## What is being asked
Every entry below should be returned exactly as it appears, with pictures left out.

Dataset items

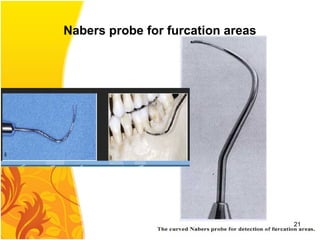 Nabers probe for furcation areas
21
 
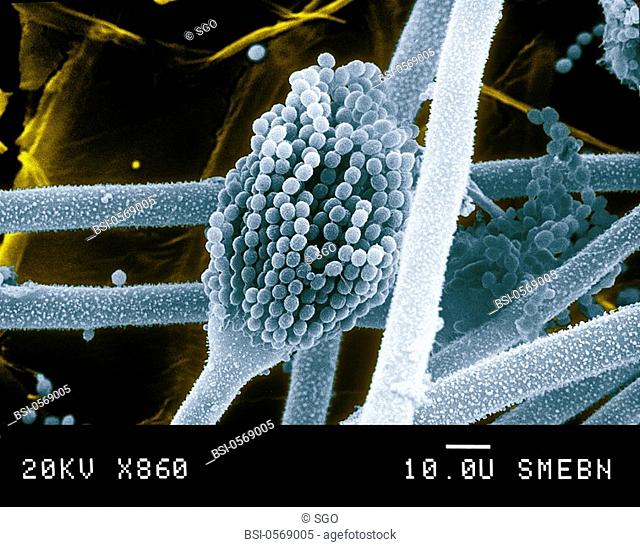 Detail Gambar Aspergillus Niger Nomer 46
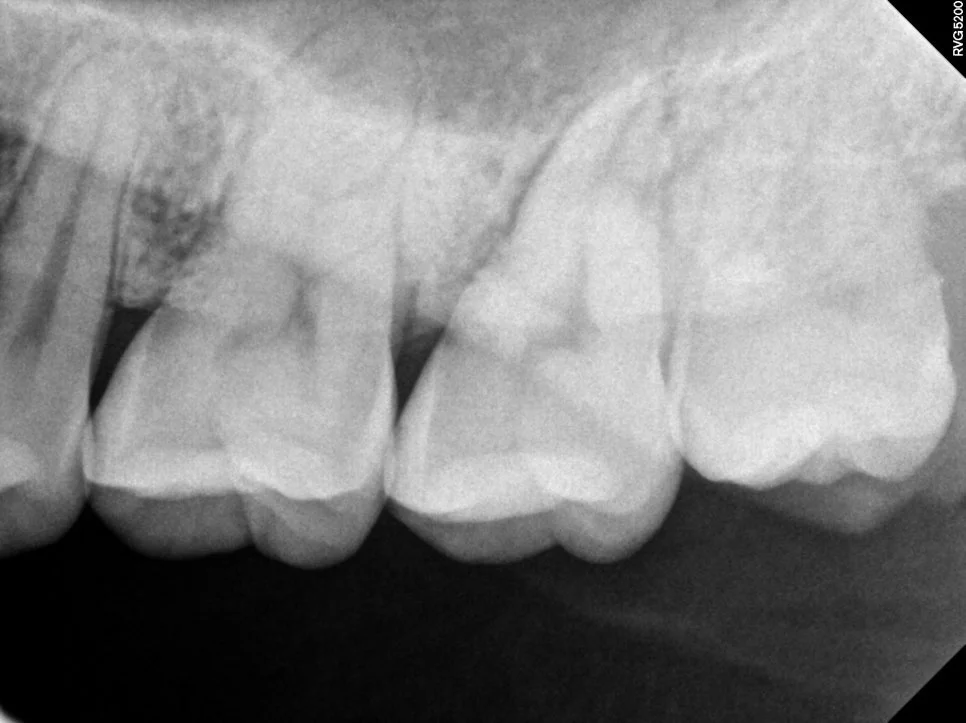 케이스2 좌측 상악 사랑니 관리 어려운 상태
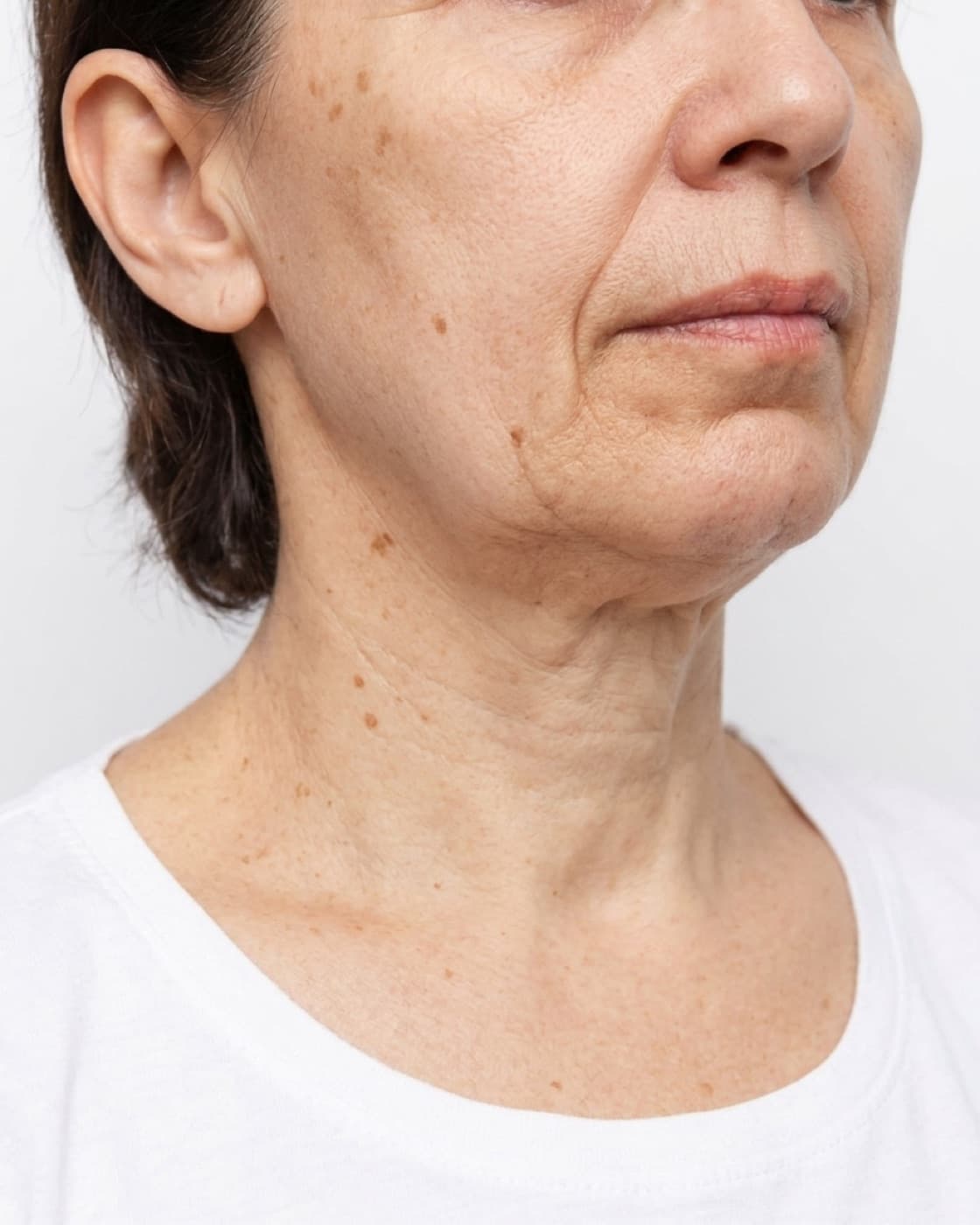 Mulher madura com flacidez no rosto, sulcos marcados e perda de definição da mandíbula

## Exercise solution
 Nabers probe for furcation areas
21
 
 Detail Gambar Aspergillus Niger Nomer 46
 케이스2 좌측 상악 사랑니 관리 어려운 상태
 Mulher madura com flacidez no rosto, sulcos marcados e perda de definição da mandíbula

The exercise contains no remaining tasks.